Sebastián Alabanda

Personal information
- Full name: Sebastián Alabanda Fernández
- Date of birth: 31 October 1950
- Place of birth: Posadas, Spain
- Date of death: 10 June 2014 (aged 63)
- Place of death: Seville, Spain
- Height: 1.81 m (5 ft 11 in)
- Position(s): Midfielder

Youth career
- 1966–1969: Betis

Senior career*
- Years: Team / Apps / (Gls)
- 1969–1972: Triana Balompié
- 1972–1980: Betis / 194 / (16)
- 1973: → Rayo Vallecano (loan) / 7 / (0)
- 1980–1982: Murcia / 38 / (3)
- Total:  / 239 / (19)

International career
- 1974–1976: Spain amateur / 7 / (0)
- 1976: Spain / 1 / (0)

= Sebastián Alabanda =

Spanish footballer (1950–2014)

Sebastián Alabanda Fernández (31 October 1950 – 10 June 2014) was a Spanish professional footballer who played as a midfielder.

==Club career==
Born in Posadas, Province of Córdoba, Alabanda spent his first eight seasons as a senior with Real Betis, except for a short loan at Rayo Vallecano. With the former club, he made his debut in La Liga on 7 September 1974, starting in a 3–1 away loss against UD Las Palmas.

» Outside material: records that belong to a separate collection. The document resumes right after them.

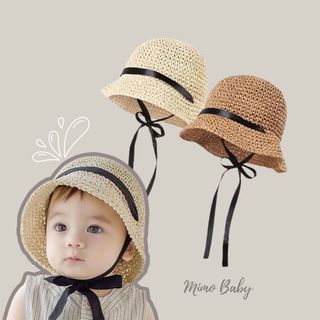 Mũ cói rơm mềm buộc dây đen phong cách hàn quốc cho bé MH243 Mimo Baby
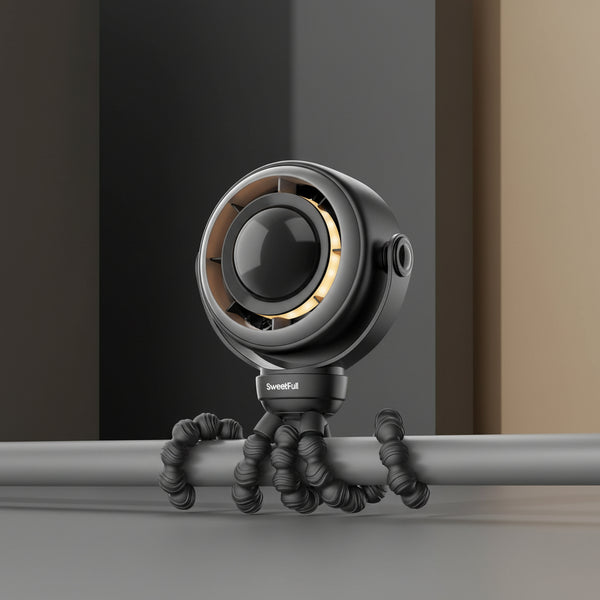 Premium Portable Stroller Fan – 4000mAh Rechargeable Battery, 4 Speeds & Integrated LED Night Light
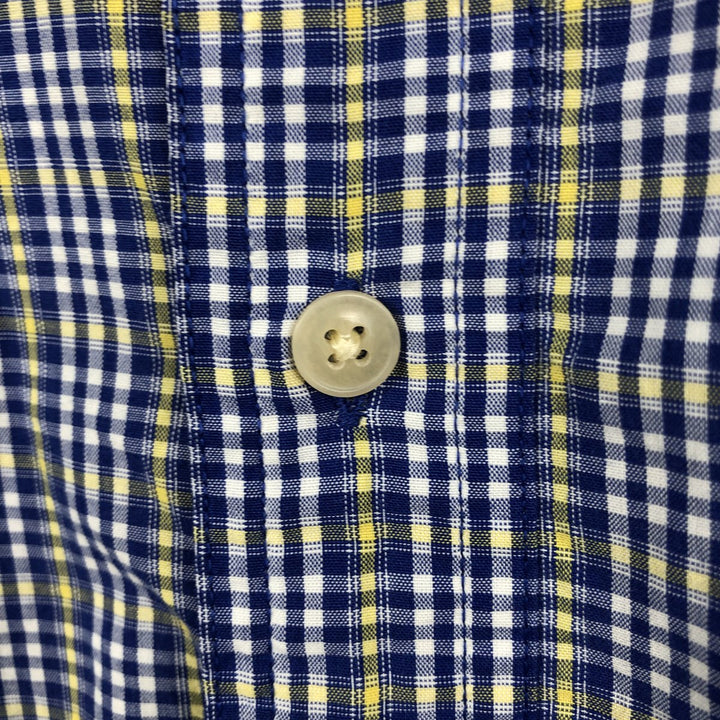 Ralph Lauren CHAPS short sleeve button down check shirt men's size L cotton blue type Vintage Second Hand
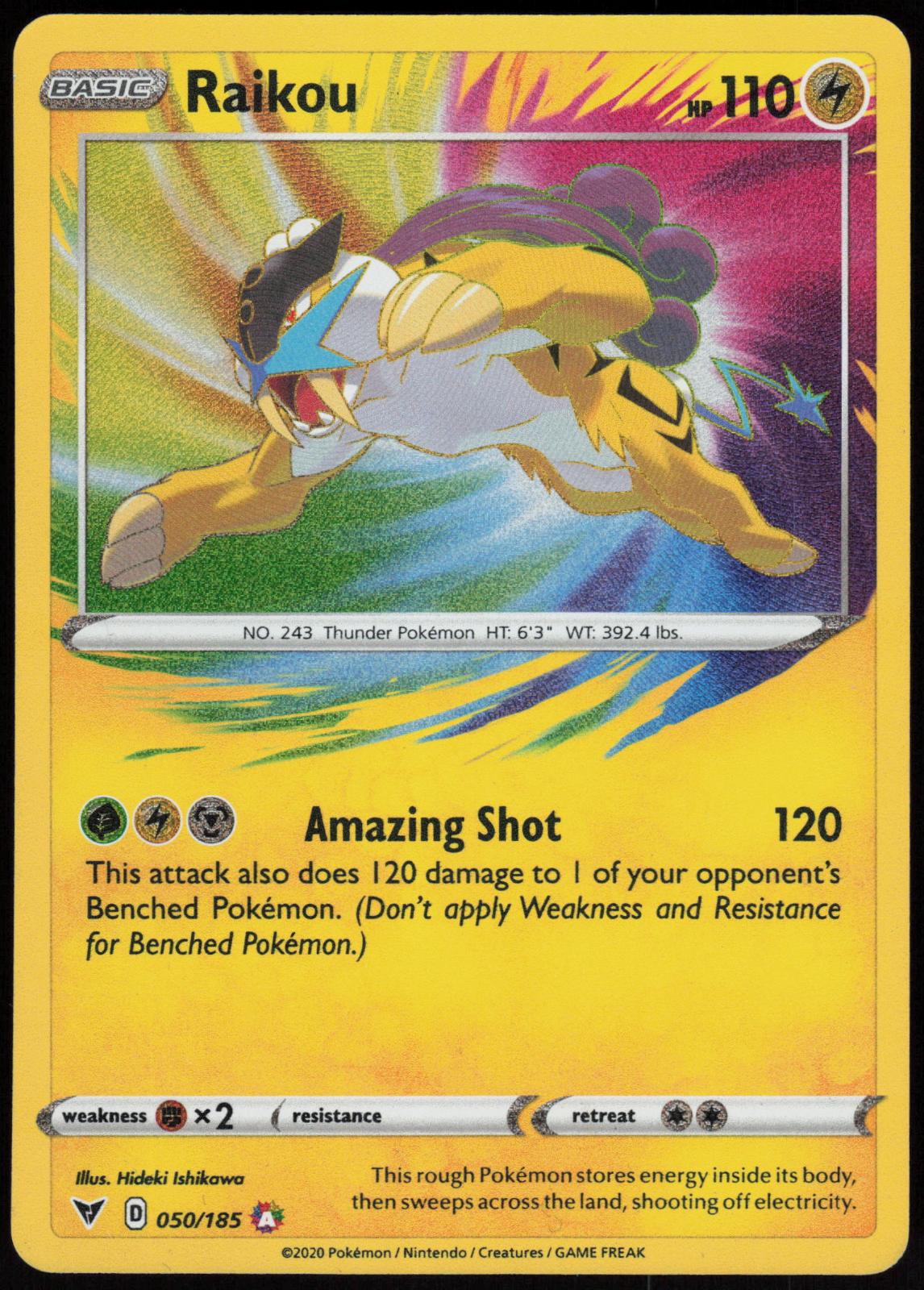RAIKOU 050/185 VIVID VOLTAGE POKEMON AMAZING RARE HOLO LP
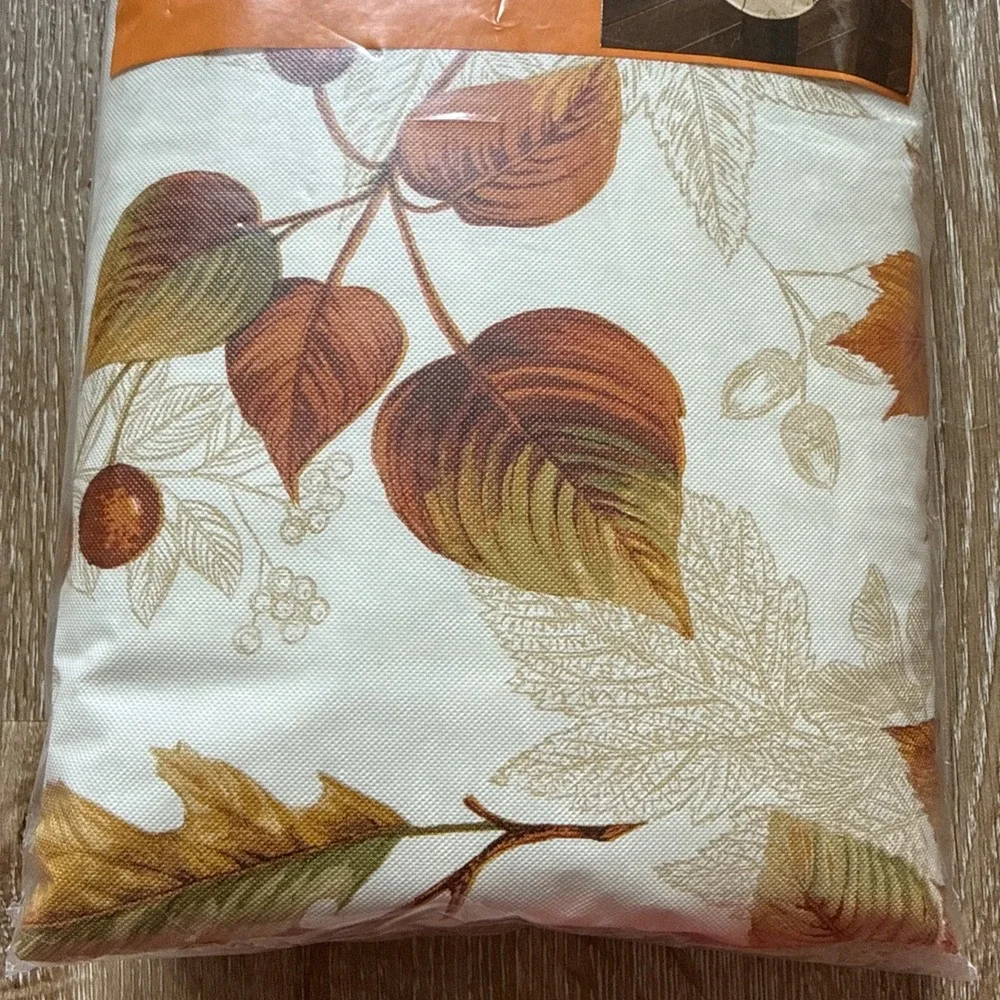 Fall Themed Autumn Leaves Vinyl Tablecloth No PVC 60x102 Thanksgiving Autumn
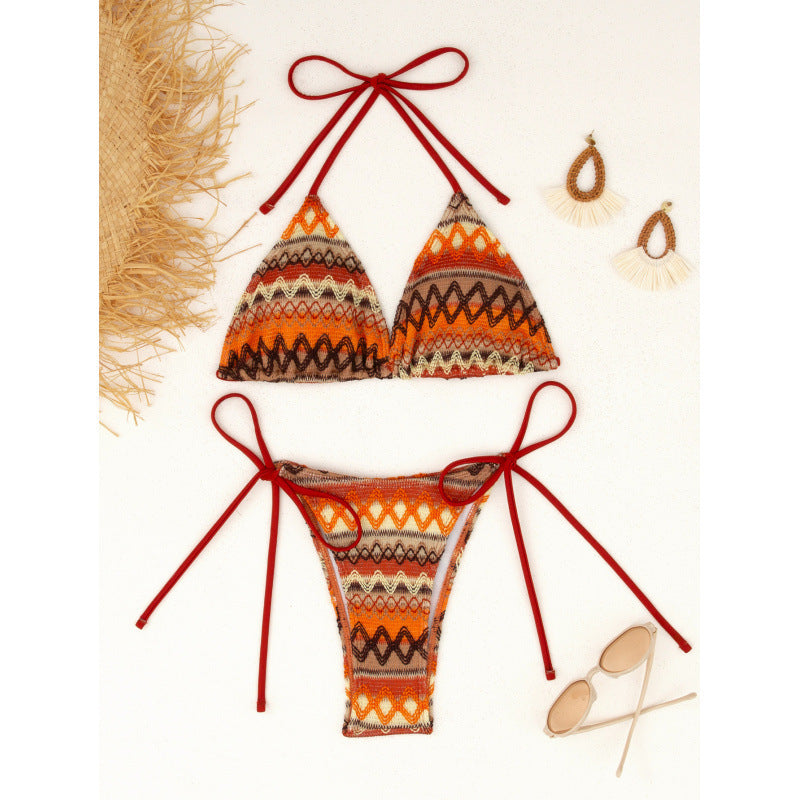 Ensemble bikini triangle pour femmes avec motif ethnique coloré R&B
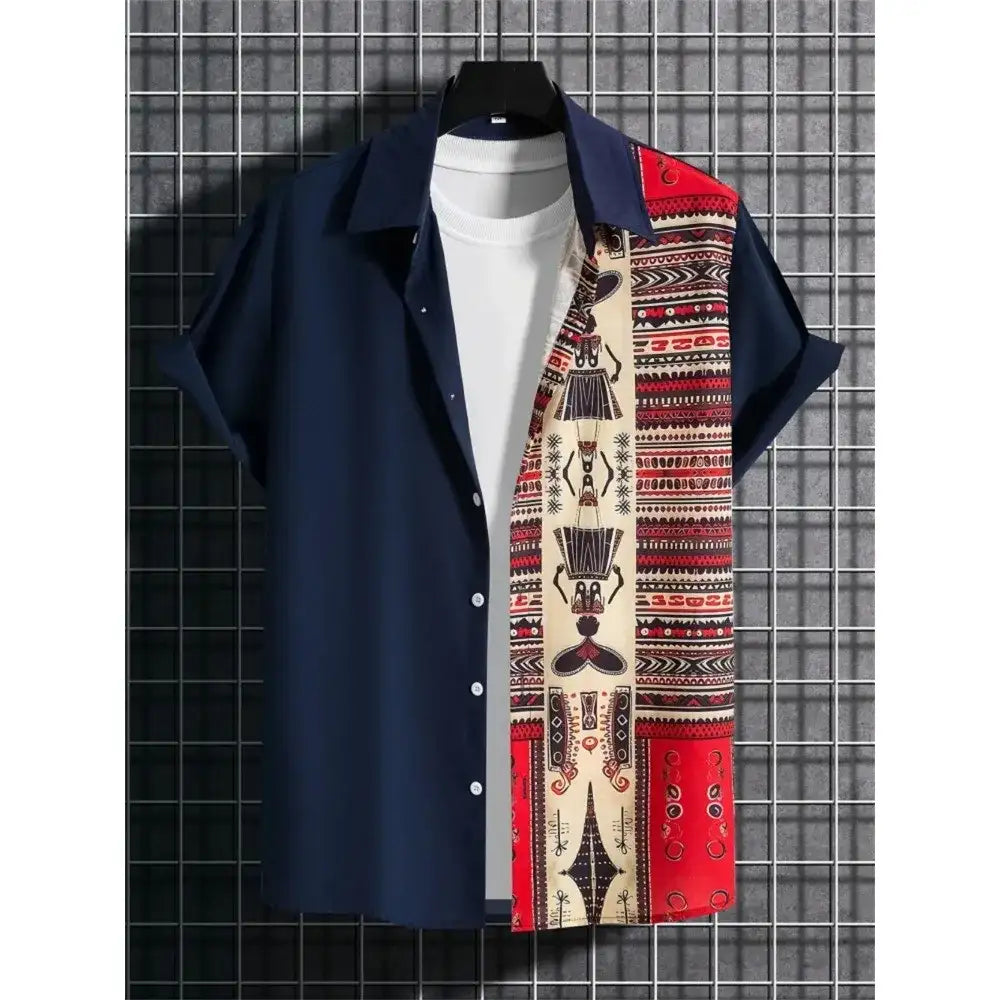 Men's Printed Retro Fashion Short Sleeved Shirt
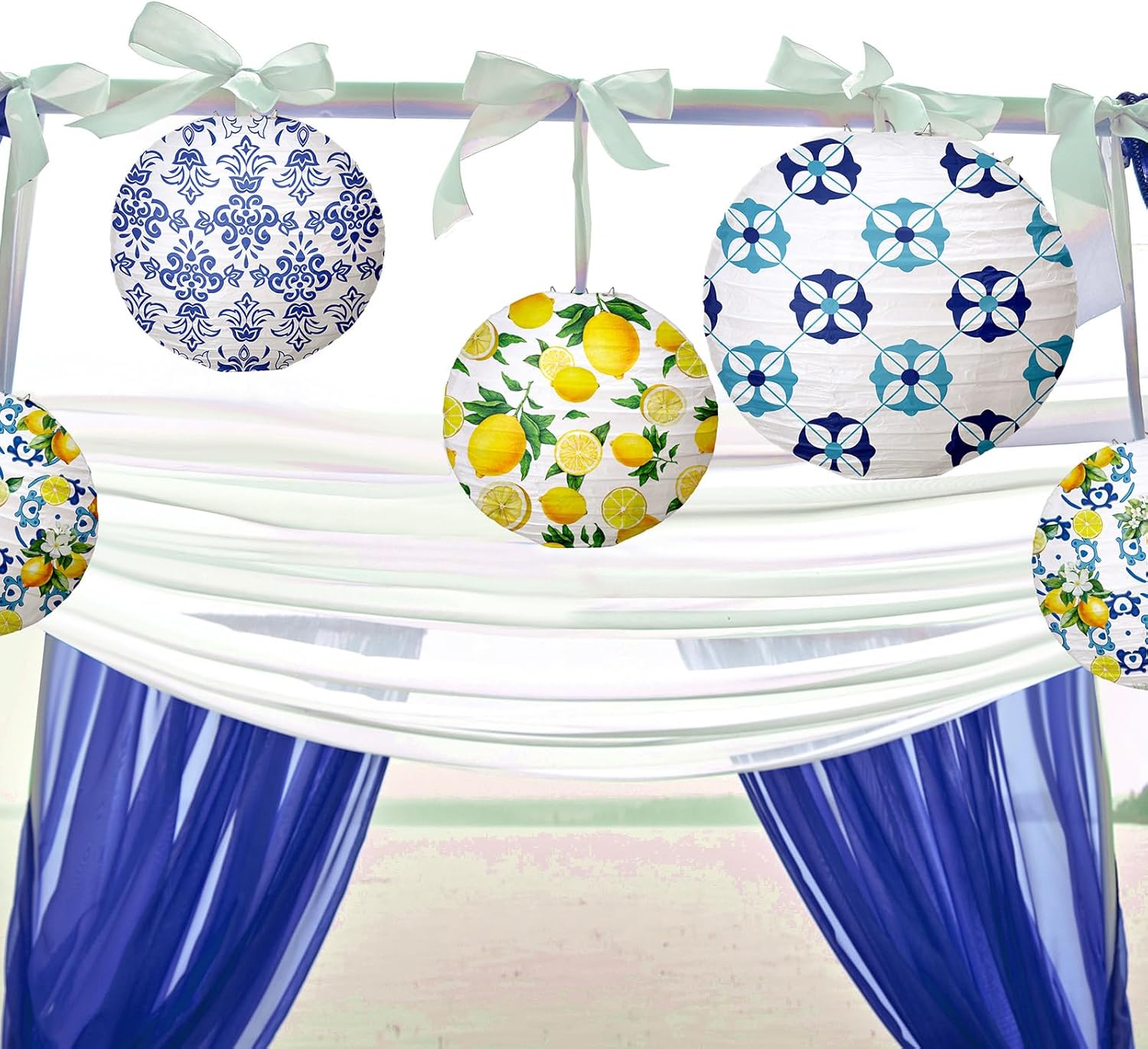 Rossesay 12 Pcs Paper Lantern Kit Amalfi Coast Capri Positano Lemon Party Supplies Summer Mediterranean Decorations Yellow Green White Lemon Pattern for Baby Shower Wedding Birthday Decorations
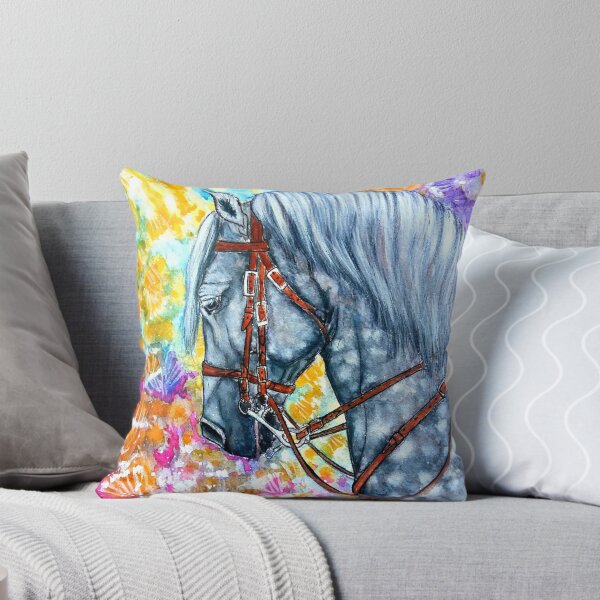 Item preview, Andalusian stallion portrait painting colorfull background designed and sold by horseaddicted.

In 1976–77, Alabanda contributed 20 games to help the Andalusians finish fifth whilst winning the Copa del Rey, a penalty shootout win over Athletic Bilbao where he missed his attempt after a 2–2 regulation time draw. At the end of the following campaign, however, they suffered relegation to the Segunda División.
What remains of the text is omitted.